Other Religious Right leaders have uttered similar comments. Lauding the Promise Keepers in 1995, Falwell remarked, "It appears that America's anti-Biblical feminist movement is at last dying, thank God, and is possibly being replaced by a Christ-centered men's movement which may become the foundation for a desperately needed national spiritual awakening."

Robertson and Falwell's hostility to women's rights should not be surprising given their theological bent. Although he practices a charismatic theology, Robertson remains a member of the Southern Baptist Conven­tion (SBC), the nation's largest Protestant denomination. Falwell, formerly an "independent Baptist," also aligned with the SBC after a fundamentalist group seized control in the 1980s.

Both men have backed the SBC's controversial statement on women issued in June of 1998.

The statement reads in part, "A husband is to love his wife as Christ loved the church. He has the God-given responsibility to provide for, to protect, and to lead his family. A wife is to submit herself graciously to the servant leadership of her husband even as the church willingly submits to the leadership of Christ. She, being in the image of God as is her husband and thus equal to him, has the God-given responsibility to respect her husband and to serve as his helper in managing the household and nurturing the next generation."

It goes on assert, "Wives...were created to be 'helpers' to their husbands.
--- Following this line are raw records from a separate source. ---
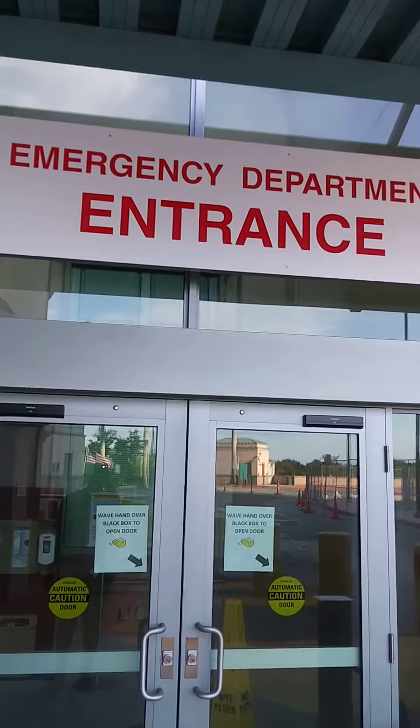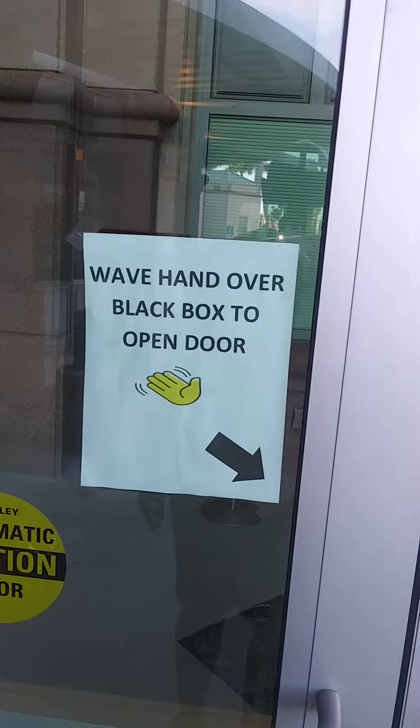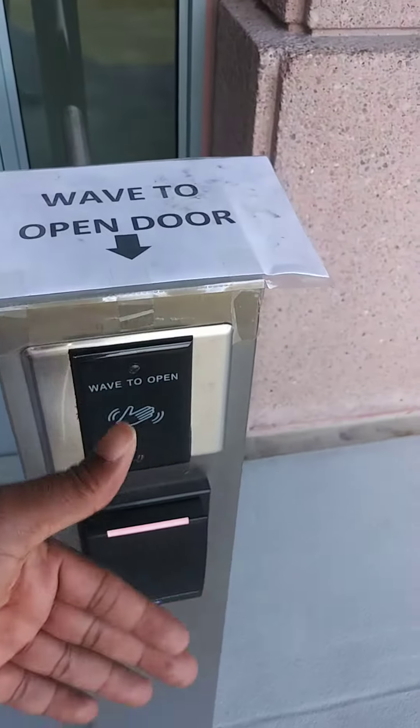Then you come to the emergency department. And like the sign says, wave hands over black box to open door — they don't even want you to touch the door. So I'm going to go ahead and wave my hand.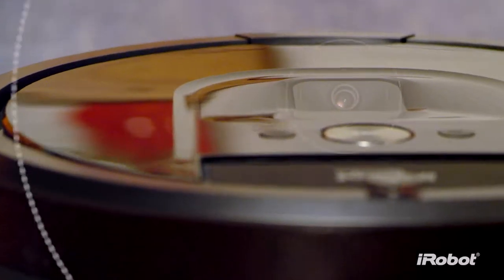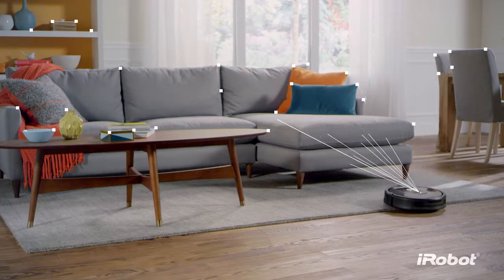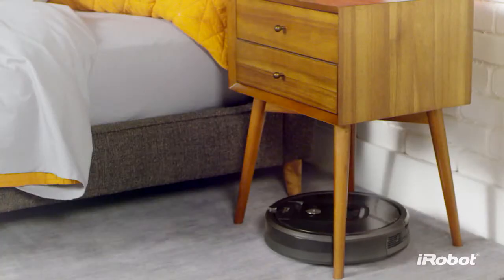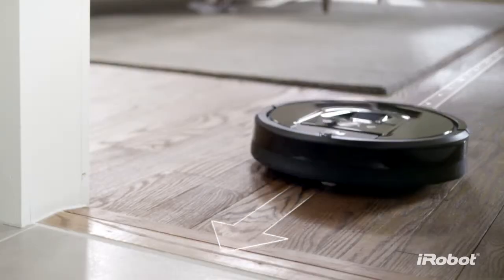A full suite of sensors and a visual localization system help the Roomba 980 map your home as it cleans. So it always knows exactly where it is, where it's been, and where it needs to go next.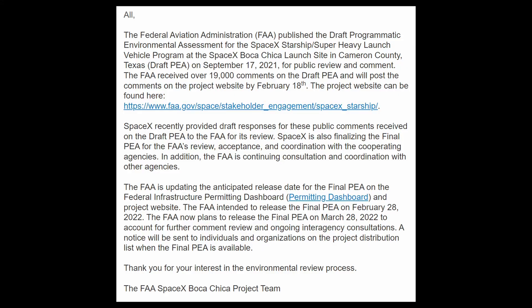My apologies for interrupting myself here, but while I was editing this video, I received an email from the FAA. The agency is planning to release the final PEA not at the end of this month, but on March 28th. So there you go — leave it to the man to poop on our party.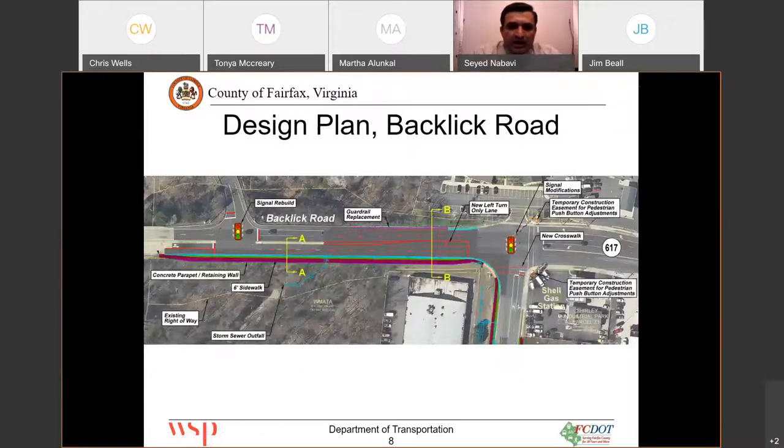The next segment on Backlick Road starts after the bridge. We continue the sidewalk all the way to Industrial Road — still a six-foot sidewalk with a concrete parapet and a retaining wall. We are also providing drainage improvements. One of the outfall areas is shown in blue here, and it outfalls at this point, going into the channel stream and eventually to the stream.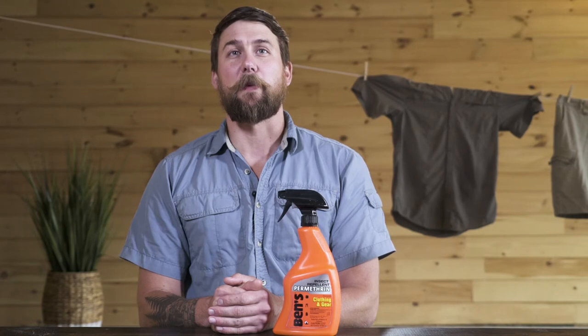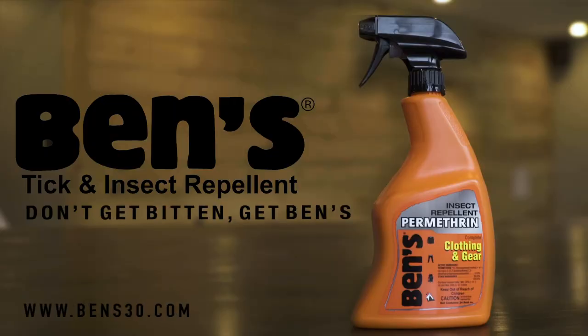Whether you're treating your hiking, hunting, or fishing gear, Ben's Clothing & Gear 24 ounce provides you with reliable insect protection to keep you bite-free even in the buggiest conditions. Don't get bitten, get Ben's.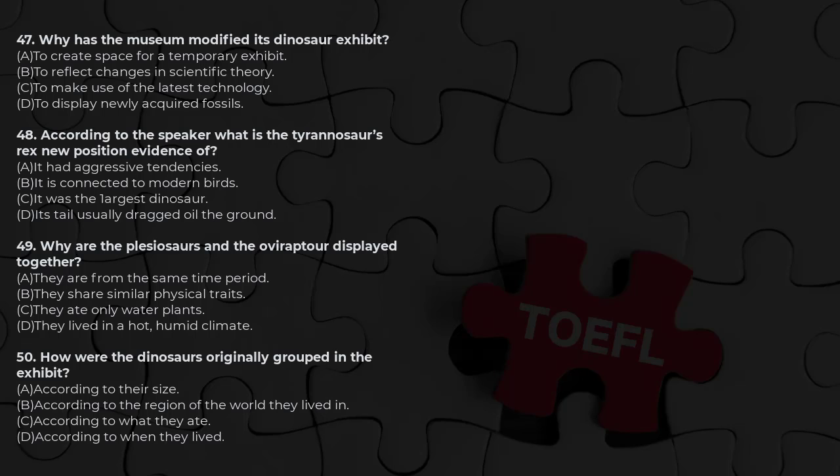Before we begin the tour, let me mention that there have been some major modifications to some of the exhibits over the past three years. Basically, these changes were made because of recent changes in the way scientists interpret dinosaur behavior.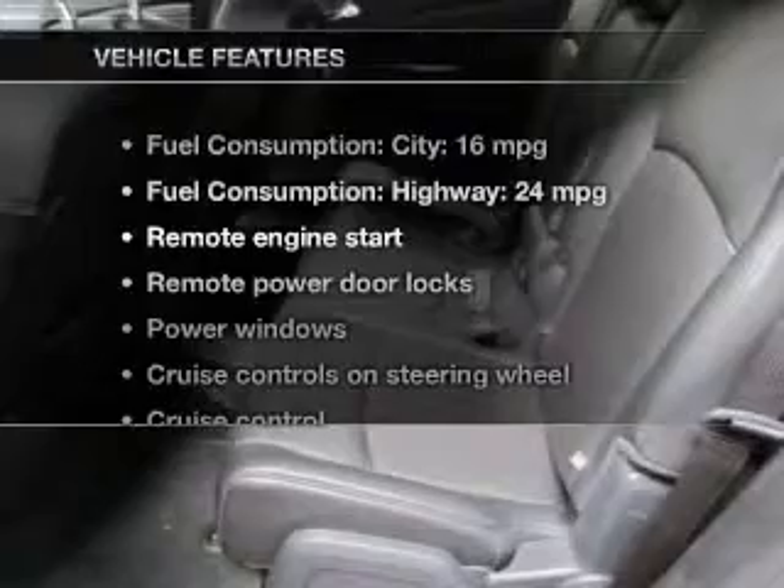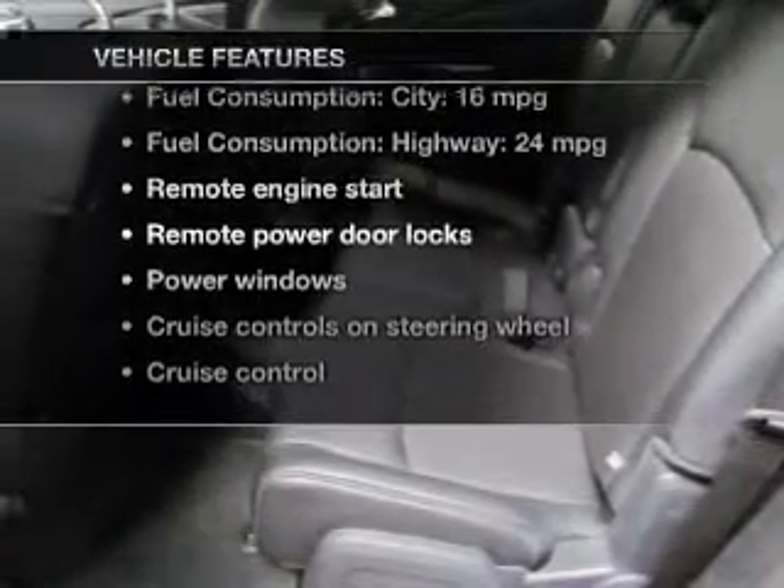With these notable features you won't want to miss out on the opportunity to own this amazing ride: keyless entry, leather seats, power door locks, power windows, cruise control, Bluetooth wireless, and a DVD system.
A wife's submission to her husband does not decrease her worth but rather enhances her value to her husband and to the Lord."

In 1984, the SBC had approved a similar resolution, this one opposing the ordination of women. According to the resolution, women cannot be ministers because of the need to "preserve a submission God requires because the man was first in creation and the woman was first in the Edenic fall." In other words, women take second place in church because Eve sinned before Adam in the Garden of Eden in the Genesis account.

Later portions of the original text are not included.